START DATA EXCERPTS
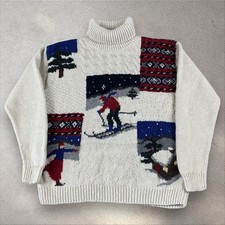 Vintage Chunky Knit Sweater Winter Skiing Hand Knit Cowichan Sz Petite Medium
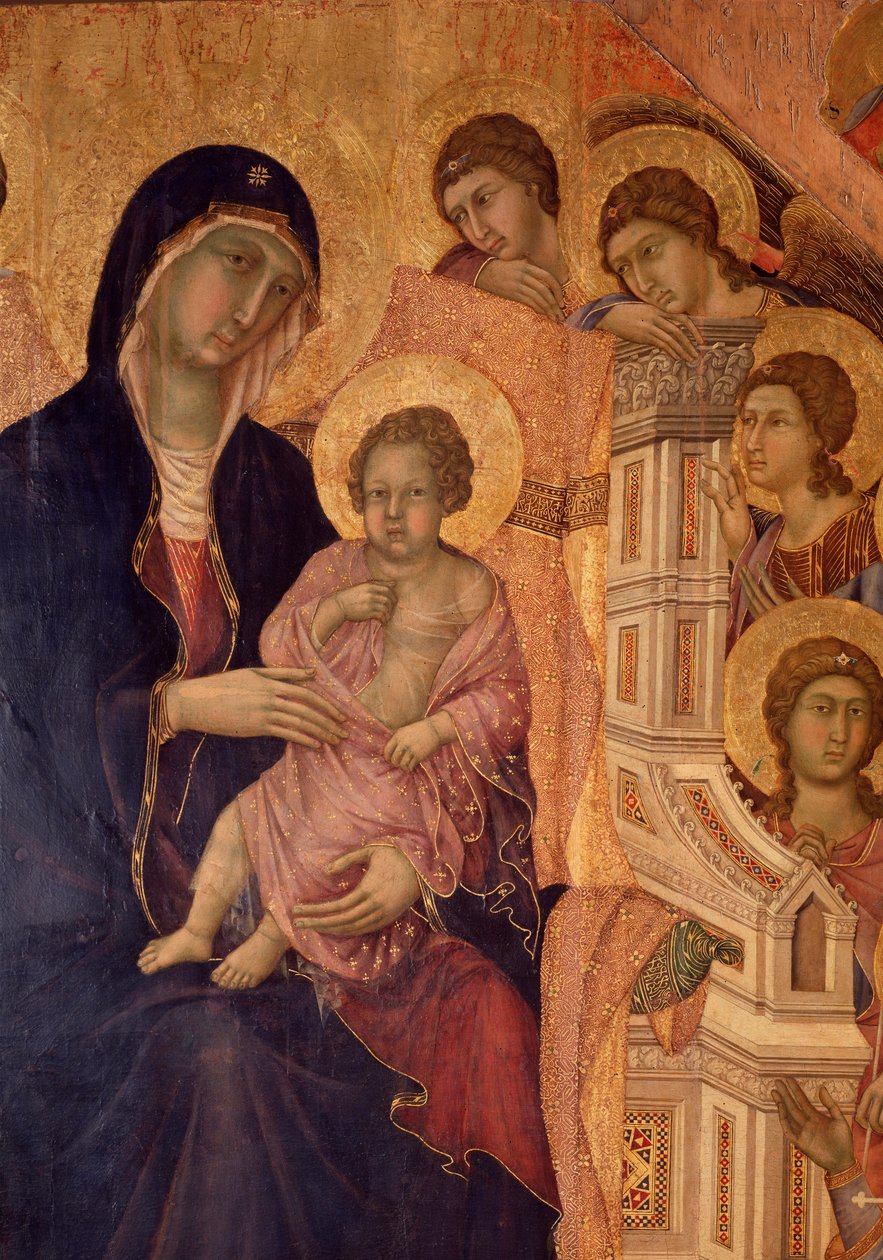 Tahttaki bakire ve çocuk (La Maesta sunağı) (ahşap üzerine tempera ve altın) by Duccio di Buoninsegna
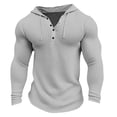 thumbnail image 2 of Blusa de manga larga con capucha, sudadera con capucha, bolsillo, color liso, medio corte, media cremallera, para hombre, manga larga, sin capucha, ropa informal, chaquetas, blusa para hombre, 2 of 5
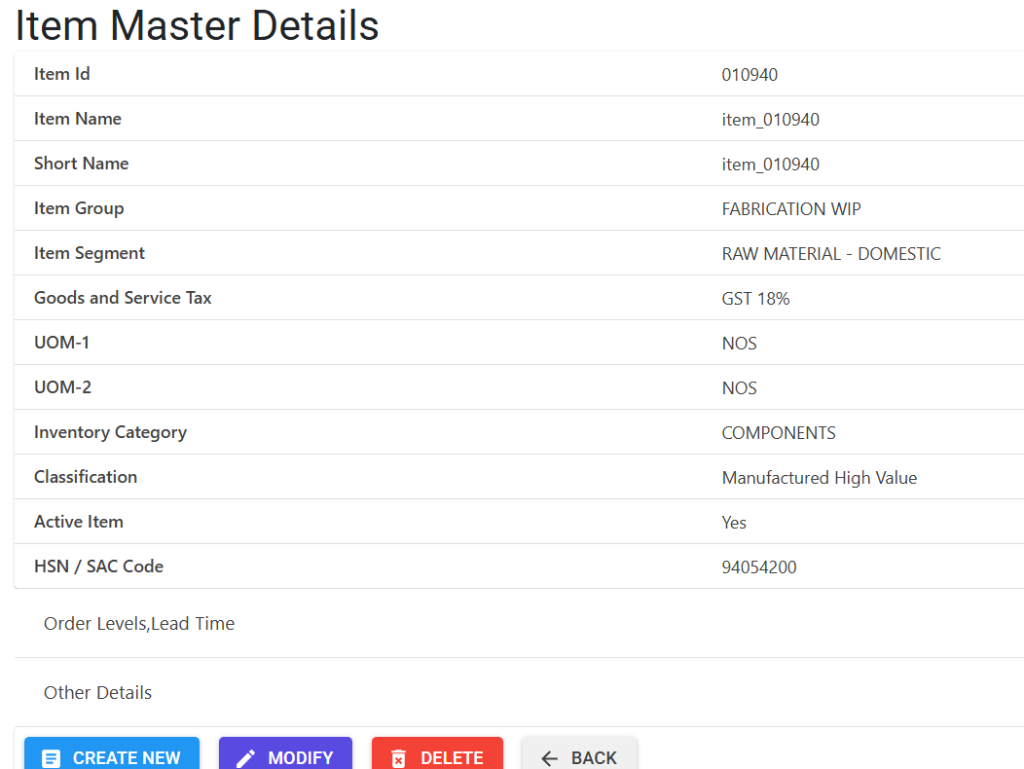Item Master Details Screen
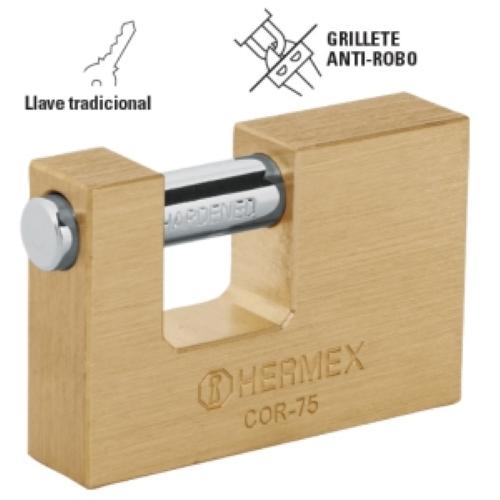 CANDADO ANTIPALANCA 75MM CUERPO DE LATON LLAVE TRADICIONAL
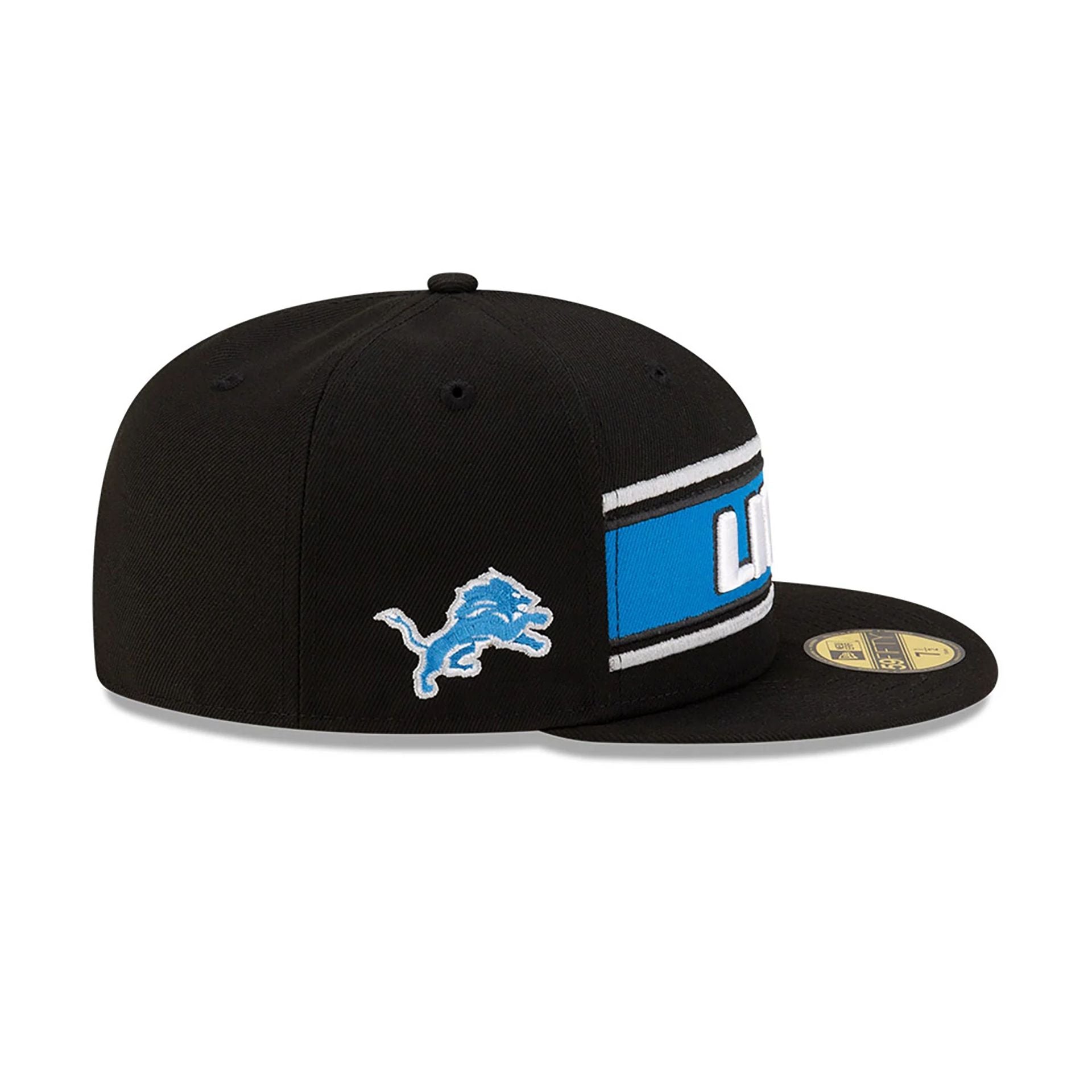 This is a Detroit Lions NFL Sideline 2024 Black 59FIFTY Fitted Cap 6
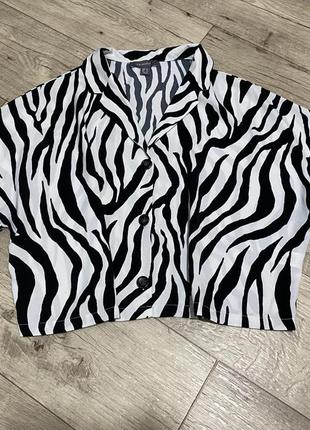 Укороченная блуза, рубашка принт зебра, primark, р.182 фото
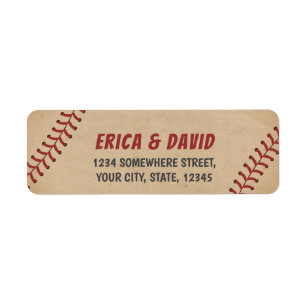 Vintage Baseball Sports Theme Wedding Return Address Label
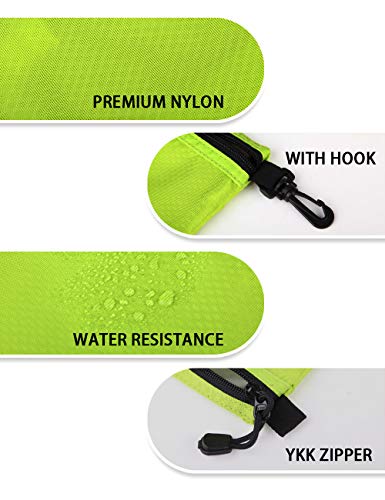 GOX Small Toiletry Bag for Men Bulk Cosmetic Bag Dopp Kit Carry On Zipper Pouch Organization Nylon Small Packing Sack Water Repellent - color: Green
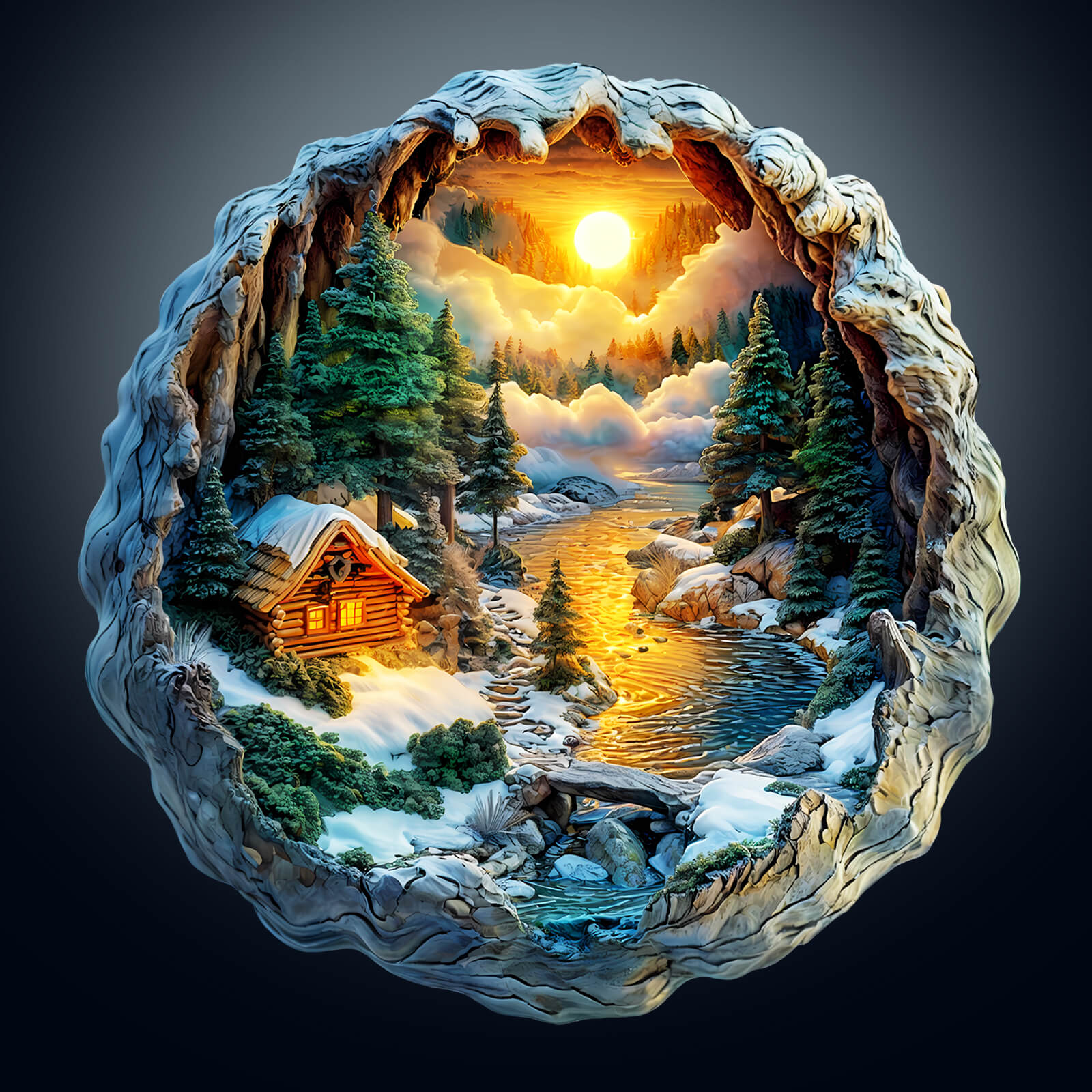 3D Winter Scene Wooden Jigsaw Puzzle depicting a serene snowy landscape with a cozy cabin and river at sunset.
END DATA EXCERPTS
(WHAT YOU SHOULD DO)
This task calls for the lines from the line containing "Укороченная блуза, рубашка" through the end of the listing, set down exactly and only, with pictures omitted.

(THE COMPLETED TASK)
 Укороченная блуза, рубашка принт зебра, primark, р.182 фото
 Vintage Baseball Sports Theme Wedding Return Address Label
 GOX Small Toiletry Bag for Men Bulk Cosmetic Bag Dopp Kit Carry On Zipper Pouch Organization Nylon Small Packing Sack Water Repellent - color: Green
 3D Winter Scene Wooden Jigsaw Puzzle depicting a serene snowy landscape with a cozy cabin and river at sunset.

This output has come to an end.